1. DESCRIPTION OF THE BUSINESS AND BASIS OF PRESENTATION

Description of the Business

SeaWorld Entertainment, Inc., through its wholly-owned subsidiary, SeaWorld Parks & Entertainment, Inc. (“SEA”) (collectively, the “Company”), owns eleven theme parks within the United States. The Company is owned by ten limited partnerships (the “Partnerships”), ultimately controlled by affiliates of The Blackstone Group L.P. (“Blackstone”) and certain co-investors. On April 24, 2013, the Company completed an initial public offering in which it sold 10,000,000 shares of common stock and the selling shareholders of the Company sold 19,900,000 shares of common stock, including 3,900,000 shares pursuant to the exercise in full of the underwriters’ over-allotment option. The offering generated net proceeds of approximately $245,400 to the Company after deducting underwriting discounts, expenses and transaction costs. The Company did not receive any proceeds from shares sold by the selling shareholders. See further discussion in Note 11-Subsequent Events.

The Company operates SeaWorld theme parks in Orlando, Florida; San Antonio, Texas; and San Diego, California, and Busch Gardens theme parks in Tampa, Florida, and Williamsburg, Virginia. The Company operates water park attractions in Orlando, Florida (Aquatica); Tampa, Florida (Adventure Island), and Williamsburg, Virginia (Water Country USA). The Company also operates a reservations-only attraction offering interaction with marine animals (Discovery Cove) and a seasonal park in Langhorne, Pennsylvania (Sesame Place). In November 2012, the Company acquired Knott’s Soak City, a standalone Southern California water park from an affiliate of Cedar Fair L.P. The Company is rebranding the water park as Aquatica San Diego and expects to re-open it in mid-2013.

Basis of Presentation

The accompanying unaudited condensed consolidated financial statements of the Company have been prepared in accordance with accounting principles generally accepted in the United States of America (“GAAP”) and applicable rules and regulations of the Securities and Exchange Commission (the “SEC”) regarding interim financial reporting. Certain information and note disclosures normally included in annual financial statements prepared in accordance with GAAP have been condensed or omitted pursuant to such rules and regulations. Therefore, these unaudited condensed consolidated financial statements should be read in conjunction with the consolidated financial statements and related notes for the year ended December 31, 2012 included in the Company’s prospectus as filed with the SEC on April 18, 2013, pursuant to Rule 424(b)(4) under the Securities Act of 1933, as amended (the “Securities Act”). The unaudited condensed consolidated balance sheet as of December 31, 2012 has been derived from the audited consolidated financial statements at that date.

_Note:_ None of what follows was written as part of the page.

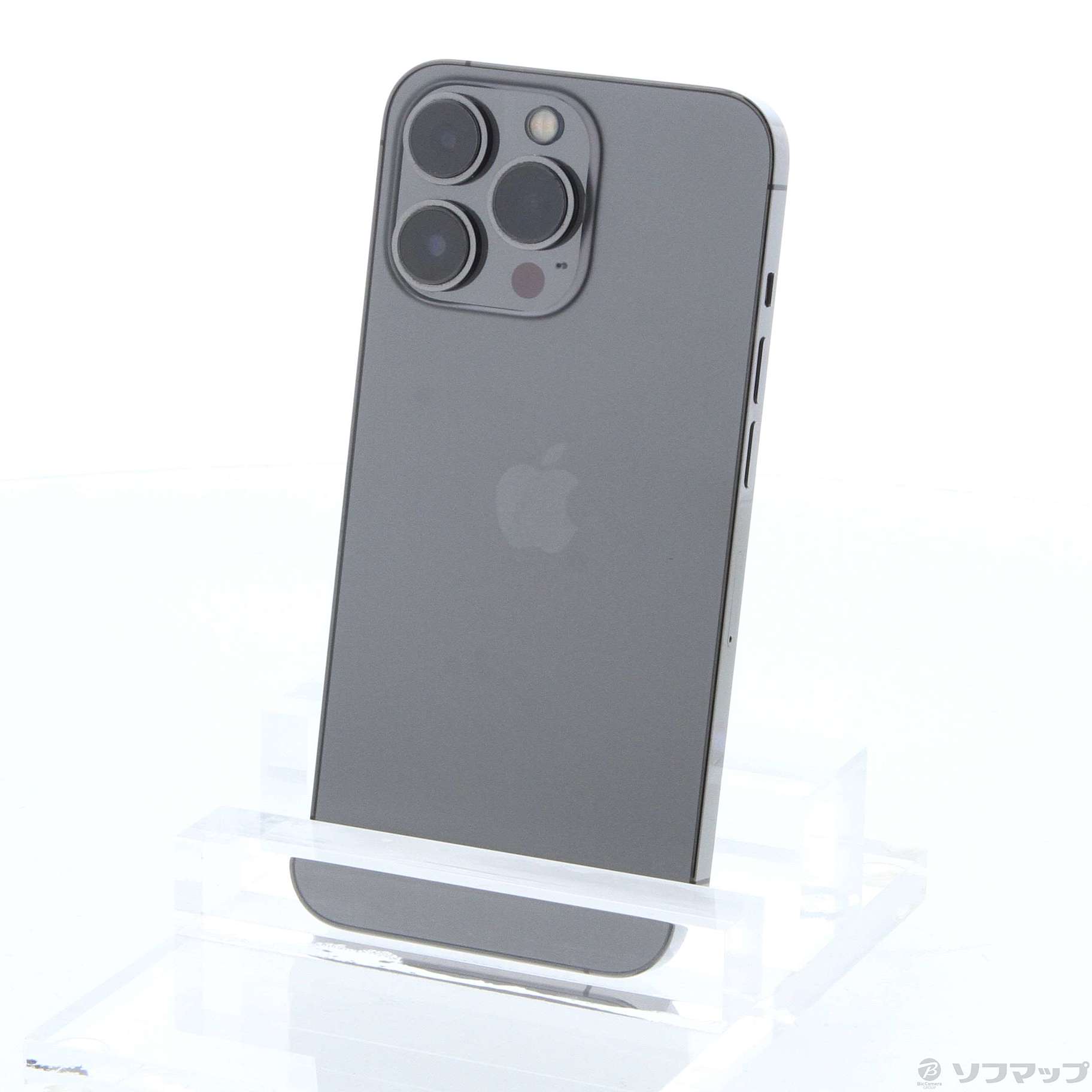 中古】iPhone13 Pro 512GB グラファイト MLUV3J／A SIMフリー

In the opinion of management, such unaudited condensed consolidated financial statements reflect all normal recurring adjustments necessary to present fairly the financial position, results of operations, and cash flows for the interim periods, but are not necessarily indicative of the results of operations for the year ending December 31, 2013 or any future period due to the seasonal nature of the Company’s operations. Based upon historical results, the Company typically generates its highest revenues in the second and third quarters of each year and incurs a net loss in the first and fourth quarters, in part because six of its theme parks are only open for a portion of the year.

The unaudited condensed consolidated financial statements include the accounts of the Company and its wholly-owned subsidiaries, including SEA. All intercompany accounts have been eliminated in consolidation.

Use of Estimates

The preparation of financial statements and related disclosures in conformity with GAAP requires management to make estimates and assumptions that affect the reported amounts of assets and liabilities and disclosure of contingent assets and liabilities at the date of the condensed consolidated financial statements and the reported amounts of revenues and expenses during the reporting periods. Significant estimates and assumptions include, but are not limited to, the accounting for self-insurance, deferred tax assets, deferred revenue, and valuation of goodwill and other indefinite-lived intangible assets. Actual results could differ from those estimates.